## Your objective
Output each record below exactly as it stands, leaving out the pictures.

## Data records
= Beginning of Section =
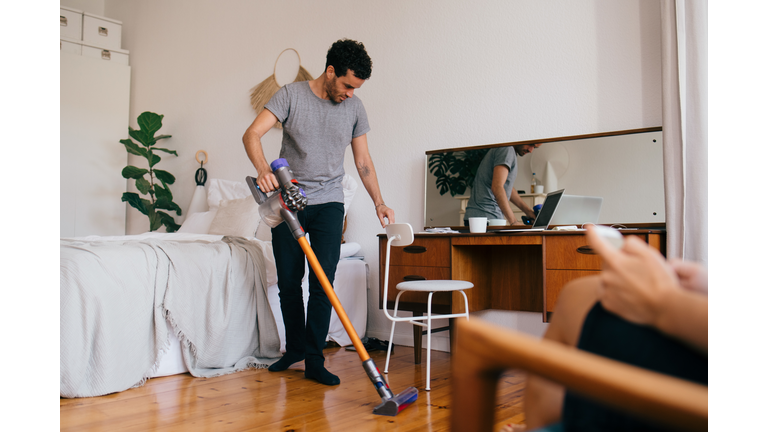 Full length of man cleaning bedroom with vacuum cleaner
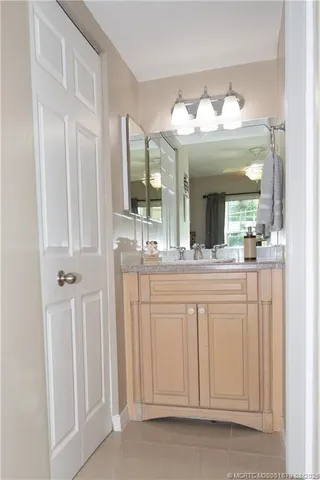 a bathroom with a sink vanity and a mirror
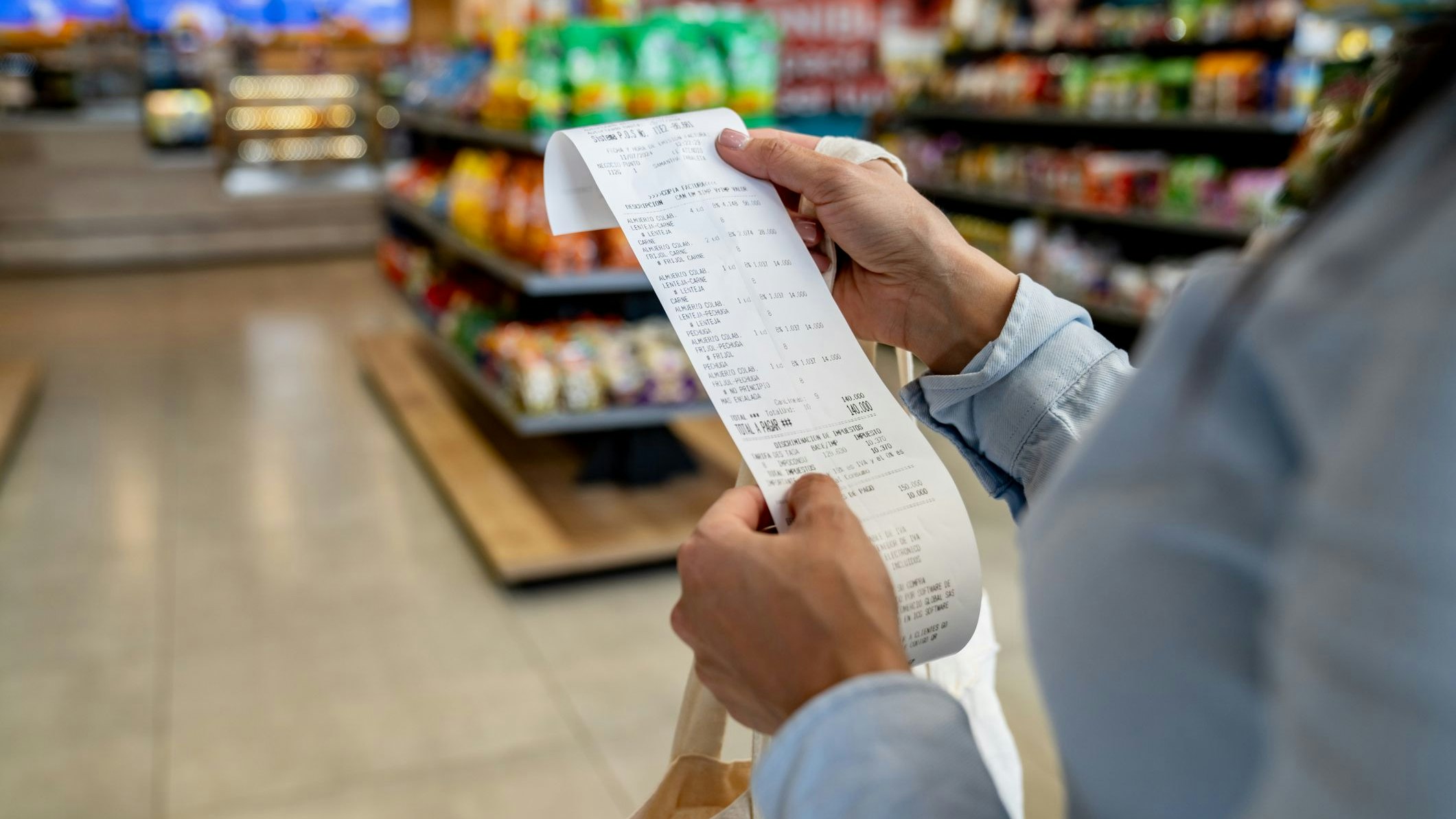 Close-up on a woman shopping at a convenience store and checking her receipt while exiting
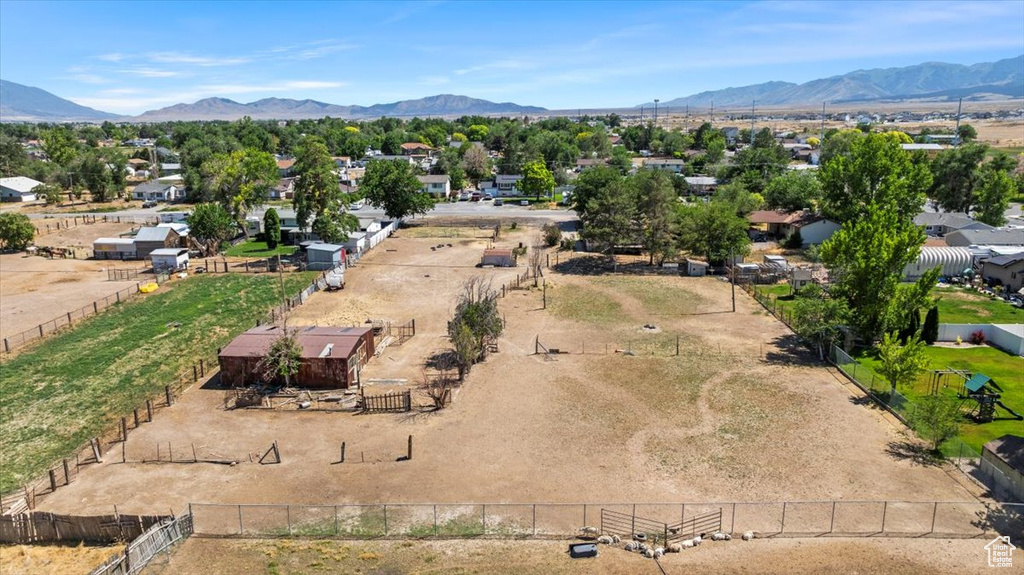 Aerial perspective of suburban area with a mountainous background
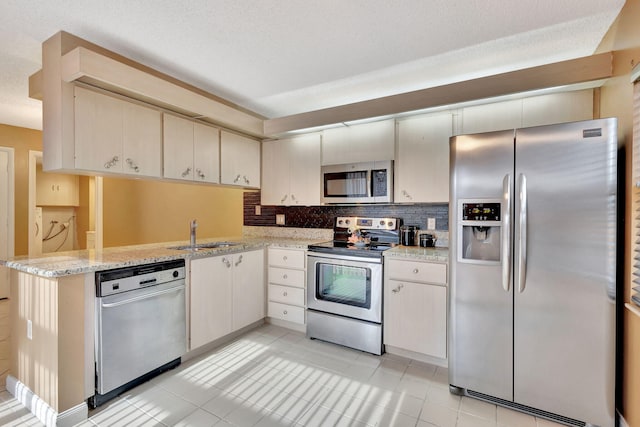 kitchen featuring a peninsula, a sink, appliances with stainless steel finishes, backsplash, and light stone countertops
= End of Section =
## Answer for this exercise
 Full length of man cleaning bedroom with vacuum cleaner
 a bathroom with a sink vanity and a mirror
 Close-up on a woman shopping at a convenience store and checking her receipt while exiting
 Aerial perspective of suburban area with a mountainous background
 kitchen featuring a peninsula, a sink, appliances with stainless steel finishes, backsplash, and light stone countertops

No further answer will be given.